Rapetto, come logicamente ci si può aspettare nell’ambito di una perizia di parte che come tale ha l’obiettivo di sostenere e supportare la tesi difensiva, si preoccupa anche di smontare il secondo elemento di prova, l’email che Bruni avrebbe spedito il 5 maggio 2011 alle 9,45 di cui, sostiene il perito, esiste traccia solo nei frammenti recuperati dal software. La mail, in base all’analisi del frammento, sarebbe stata inviata attraverso un Black Berry. In questi casi, ogni messaggio acquisisce uno specifico ID, che lo identifica in maniera univoca e permette di risalire sia allo specifico mittente che alla casella email del destinatario.
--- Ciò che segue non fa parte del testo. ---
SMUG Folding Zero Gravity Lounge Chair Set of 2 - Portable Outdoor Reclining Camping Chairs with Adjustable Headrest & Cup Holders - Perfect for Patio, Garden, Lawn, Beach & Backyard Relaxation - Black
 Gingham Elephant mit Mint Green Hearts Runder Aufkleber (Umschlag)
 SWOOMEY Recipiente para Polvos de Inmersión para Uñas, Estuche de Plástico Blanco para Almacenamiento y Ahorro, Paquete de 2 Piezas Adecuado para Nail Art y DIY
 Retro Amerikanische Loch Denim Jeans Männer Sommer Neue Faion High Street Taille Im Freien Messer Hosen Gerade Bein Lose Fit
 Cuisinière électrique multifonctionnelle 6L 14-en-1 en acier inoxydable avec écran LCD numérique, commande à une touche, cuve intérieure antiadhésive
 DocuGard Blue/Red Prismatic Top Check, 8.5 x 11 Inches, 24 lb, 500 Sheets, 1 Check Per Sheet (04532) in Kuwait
Eppure, ha sottolineato Rapetto, nonostante il software sia riuscito a risalire all’ID del messaggio, non sono state effettuate ulteriori analisi per risalire, attraverso questa sorta di “ricevuta digitale”, all’effettivo mittente, all’ora di invio e anche al testo originale del messaggio, oltre alle eventuali ragioni tecniche che possono aver portato alla mancata ricezione che Bracciali sostiene.
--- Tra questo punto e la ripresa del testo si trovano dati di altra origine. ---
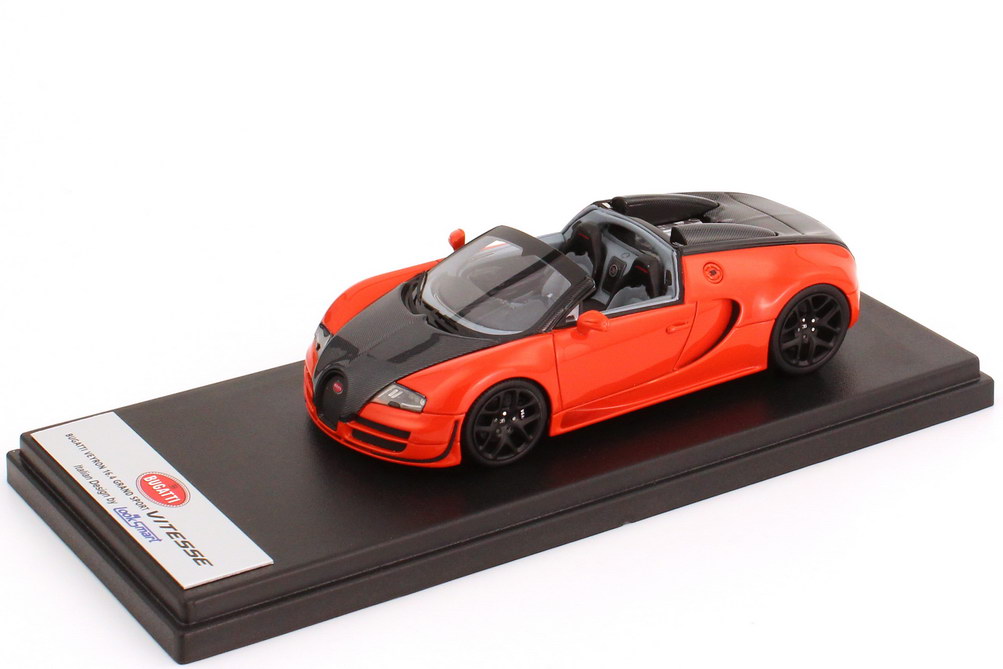 Foto 1:43 Bugatti Veyron 16.4 Grand Sport Vitesse orange/carbon-schwarz Looksmart LS396D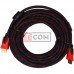 Шнур HDMI TCOM, штекер - штекер, Vers-1.4, gold, фільтр + сітка, 10м, чорно-червоний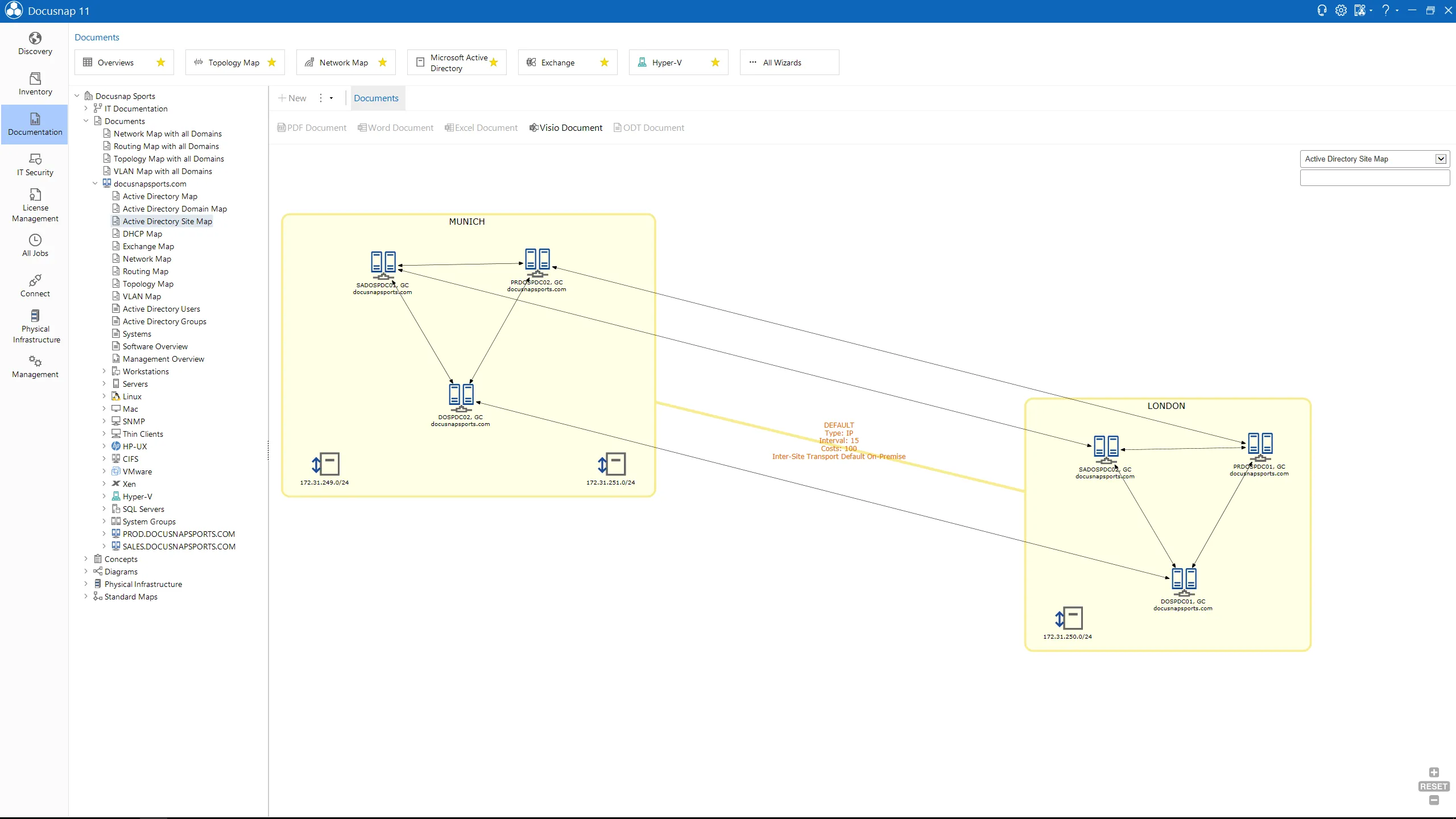 Docusnap Screenshot: Active Directory location overview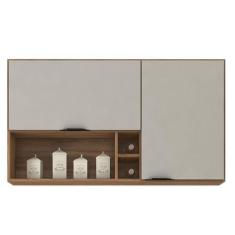 Imagem de Armário Aéreo Para Cozinha Firenze Nicho 2 Portas Amêndola Touch Nude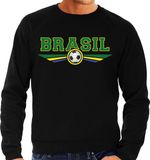 Bellatio Decorations Brazilie / Brasil landen / voetbal sweater met wapen in de kleuren van de Braziliaanse vlag - zwart - heren - Brazilie landen trui / kleding - EK / WK / voetbal sweater XL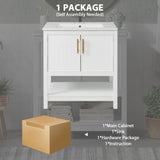 30-Inch White Bathroom Vanity with Ceramic Sink and Versatile Storage - Ideal for Small Bathrooms WF325888AAK
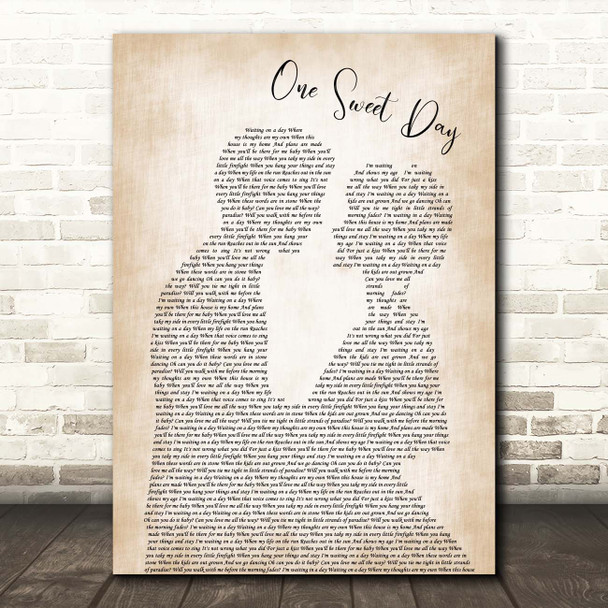 Mariah Carey, Boyz II Men One Sweet Day Man Lady Bride Groom Wedding Song Lyric Print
Ci tiene, comunque, Braccio a sottolineare un ulteriore particolare, come ci spiega nell’intervista. “Alla fine quello che mi viene contestato è l’aver fatto da tramite. Però sono usciti articoli che mi hanno dipinto come uno che si vende le partite, hanno fatto riferimento al torneo di Casablanca del 2011, hanno scritto che Starace si sarebbe venduto la finale e io avrei incassato 300 mila euro. Ma Casablanca non è nemmeno nominato nell’atto di accusa. Hanno anche raccontato la festa per il mio trentesimo compleanno come se fosse una riunione di mafiosi, ma l’ho festeggiato in un locale pubblico con gli amici e non era presente nessuna delle persone che poi saranno coinvolte nella storia delle scommesse”.
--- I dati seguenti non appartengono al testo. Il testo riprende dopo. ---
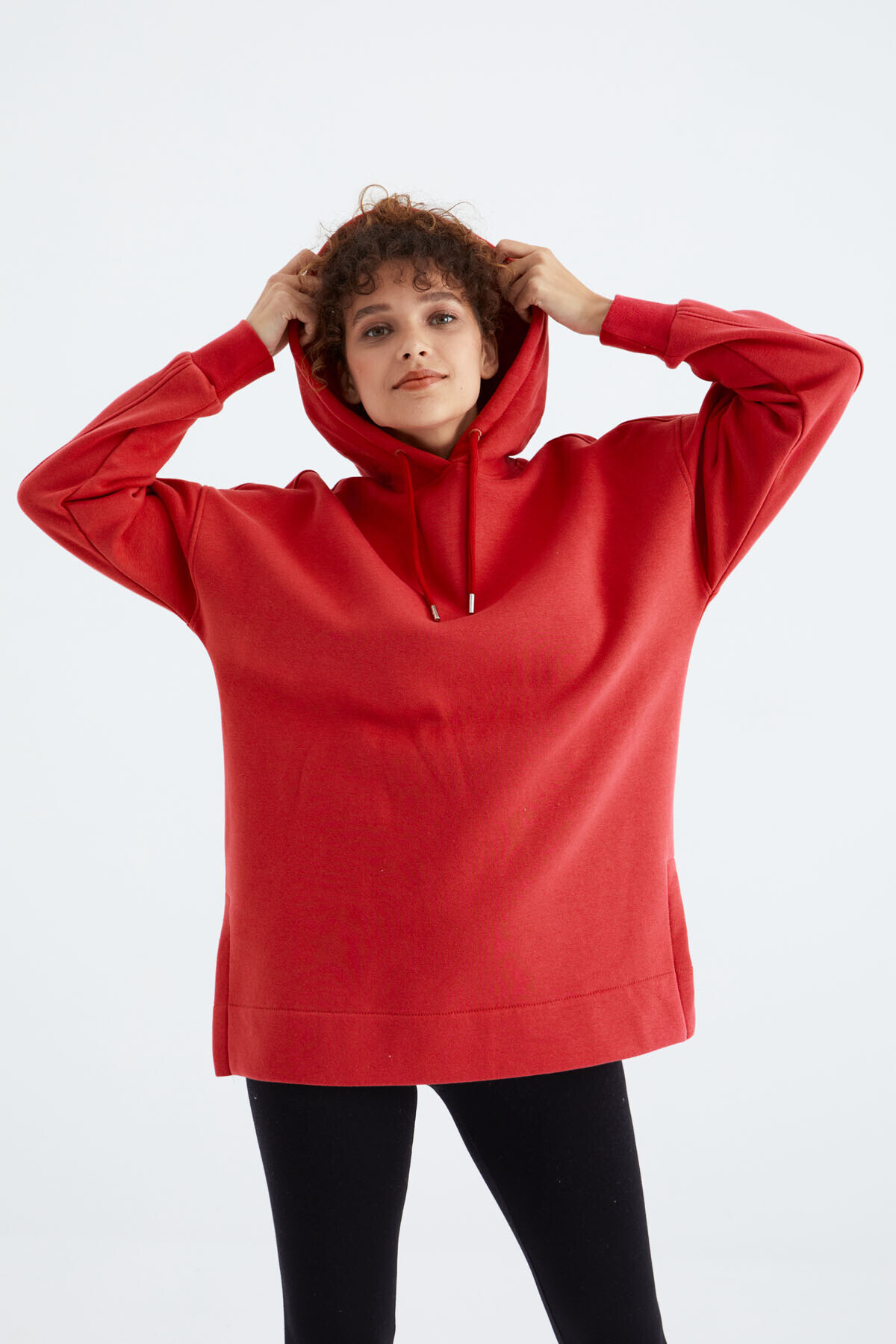سویشرت تونیک کلاهدار اوور سایز Fiesta Reglan Kol Basic - 97242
Questa storia, spiega, “mi ha fatto capire chi sono i miei amici veri” e non ha cambiato né intaccato il rapporto con gli altri tennisti azzurri. “Ne ho rivisti molti in Australia, e continuo a non avere problemi con loro”.

Comunque andrà a finire l’udienza di sabato, anche se dovesse scontare una squalifica, “Braccio” vede il suo futuro nel mondo del tennis. “In fondo, è quello che ho sempre fatto. Ho cercato di rappresentare al meglio l’Italia, ho dato priorità alla bandiera rispetto ai tornei individuali, mi sono rotto uno spalla nello spareggio di Coppa Davis in Israele quando ero numero 60 del mondo e avrei magari avuto davanti almeno un paio di stagioni. Ma tutte le mie scelte sono sempre andate in un’unica direzione. Quando tutto sarà finito, non abbandonerò questo mondo. Potrei aprire una scuola, potrei seguire qualche giovane o fare da coach a un giocatore più affermato, ancora non lo so, ma posso e voglio restare nel mondo del tennis”.